This Week on perl5-porters (23-29 June 2003)

rafael on 2003-06-30T21:42:45

This week's p5p summary is going to be a bit unusual : a few very long threads will be summarized (logically) in longer paragraphs. Read about hashing algorithm vulnerabilities, new proposed syntax, CHECK and INIT blocks, and other unlittle things.

Algorithmic Complexity Attack, continued

The discussion that started last week about the possibility of algorithmic attacks on perl hashes (bug #22371) found its conclusion. Jarkko Hietaniemi proposed several successive iterations of a patch.

Here's the final state : unless the -DUSE_HASH_SEED_EXPLICIT or -DNO_HASH_SEED preprocessor symbols are given to the Configure script, perl's internal hashing algorithm will use a random start value (called the hash seed). This value can be overriden via the PERL_HASH_SEED environment variable. That means that if you have a program that uses a hash, with a constant set of keys, inserted in the same order, the ordering of the output of keys() will different between different executions of your program.
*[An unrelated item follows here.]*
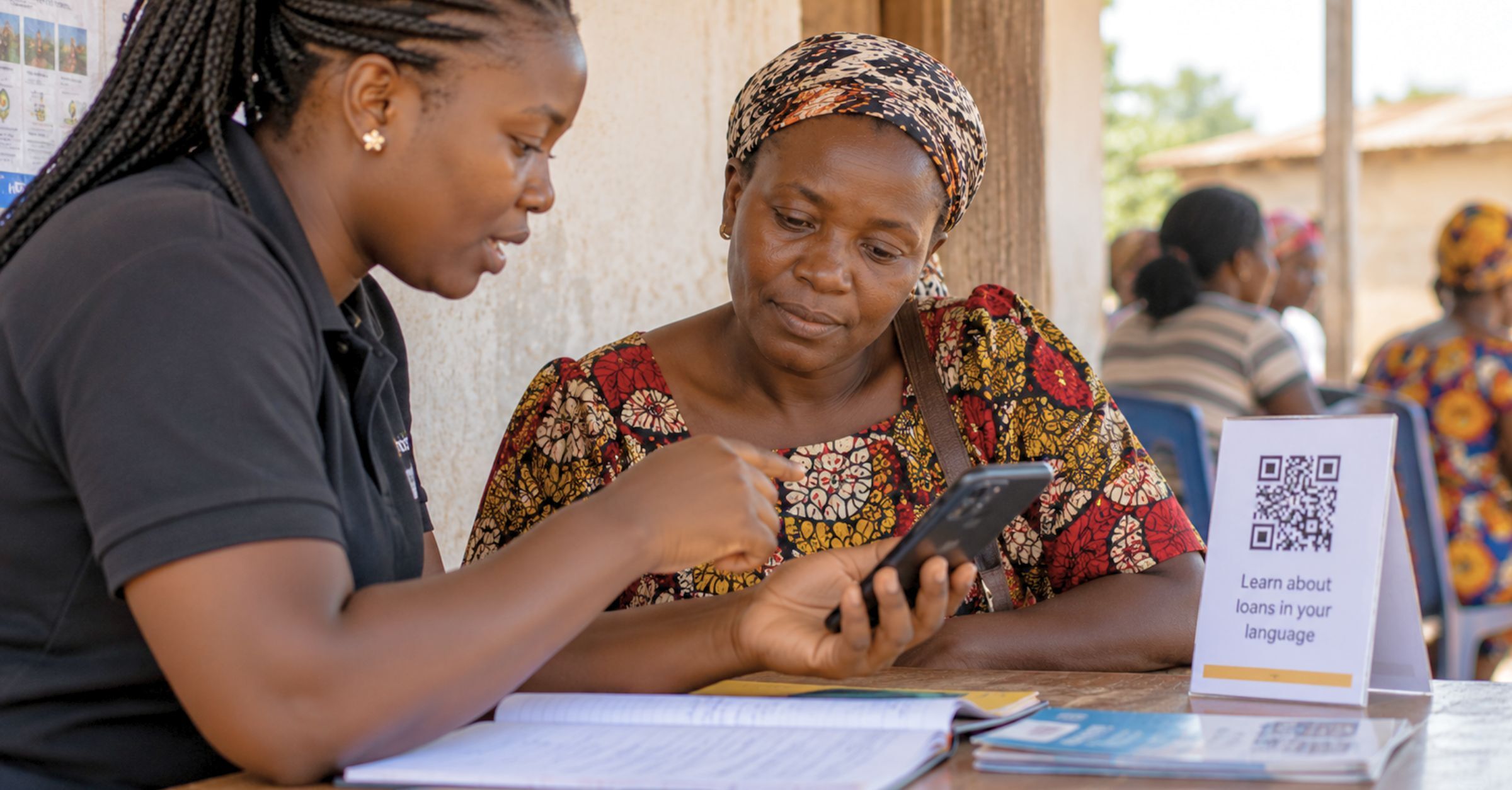 Two women in a village savings group listening to digital financial literacy education audio on their mobile phone.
At some point Nick Ing-Simmons suggested to introduce a new attribute to declare ``repeatable'' hashes :

    my %hash : predictable;

or

    my %hash : lock_order;

Jarkko made a failed attempt at implementing it, but as anyway people seemed to dislike it, or to not like it enough (finding it overkill), it wasn't kept.

The thread starts at http://xrl.us/j7m -- and it counts more than 100 messages.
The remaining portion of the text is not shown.